With the academic and personal stress students often face, OCC faculty and staff need to be prepared to recognize potential issues and use front line approaches to guide students to the resources they may need to be successful.
But it may be difficult to identify a student in crisis and know how to help without first understanding what can trigger certain behaviors.
OCC’s Mental Health Task Force (MHTF) recently launched a new series of presentations designed to promote awareness of mental health issues affecting OCC students and employees. A collaborative effort between OCC’s Human Resources and Student Services kicked off the series at the Orchard Ridge campus.
“OCC’s Mental Health Task Force was formed in 2015 to address the noted uptake in students struggling with mental health issues,” said Lori Przymusinski, vice chancellor for student services. “A grant to address student mental health and suicide prevention on college campuses was acquired in 2016 for OCC to join the JED Campus. A student climate survey was then deployed in Winter 2018. Some of the survey findings, among others, recommended the need to provide our staff with education to recognize and assist students in crisis.”
“Mental Health Overview,” presented by Manachem Hojda, an OCC alumnus and licensed master social worker with the Oakland Community Health Network, provided insight and perspective on this growing issue.

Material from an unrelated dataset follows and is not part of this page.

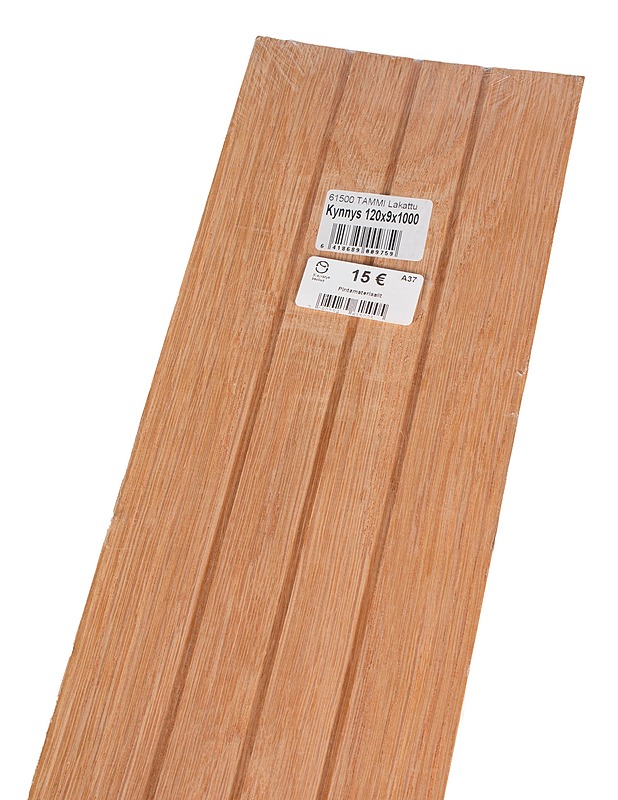 Lakattu kynnys, 120x9x1000 mm - Rakennustarvikkeet - 10105626502 - 1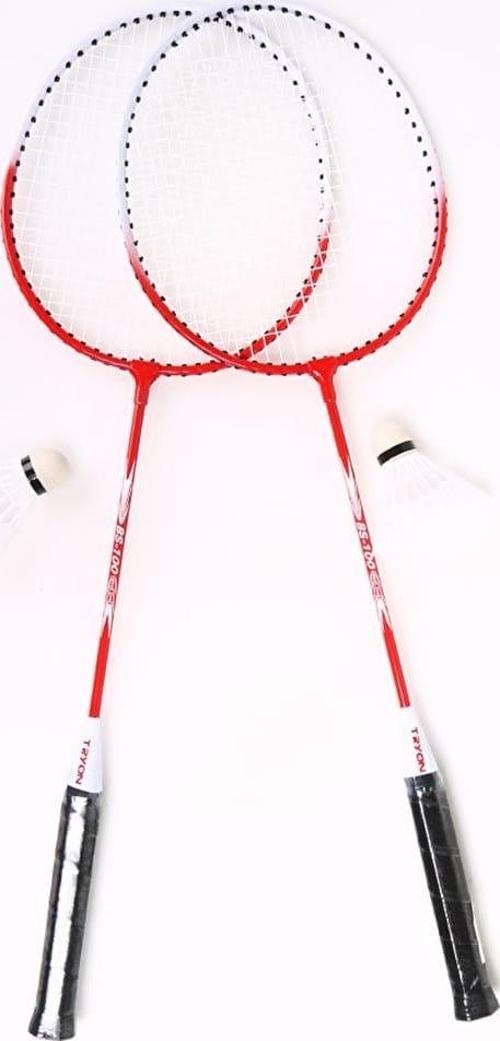 BADMINTON RAKET ALÜM.+METAL TEK PARÇA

Hojda focused on understanding some of the signs and symptoms people may exhibit with mental health issues and information on resources available to them. He spoke to a group of 60 employees representing multi campus system and district office.
Hojda shared information about the types of childhood trauma that can lead to a student’s inability to handle the expectations and stress of K-12 and college. He explained that ‘trauma’ can include both personal and family traumas such as physical and verbal abuse, divorce, a parent with addiction issues and losing a parent at an early age. He wove his own experience as a student facing personal family crisis into the discussion and his inability to be successful in high school. He then found his academic groove at OCC and credits faculty and staff who were willing to help him succeed.
According to Hojda, these types of situations are, unfortunately, all too common and recognizing students who may need assistance is vital.
“People are surprised at the burdens that many of our students carry,” said Kirstine Evans, chair of the Highland Lakes counseling office. “For example, 40 percent of our students have food insufficiencies, and many are also carrying other financial burdens as well.”
Evans said that many students assume counselors can only help with educational concerns but, in fact, they also help students with personal issues.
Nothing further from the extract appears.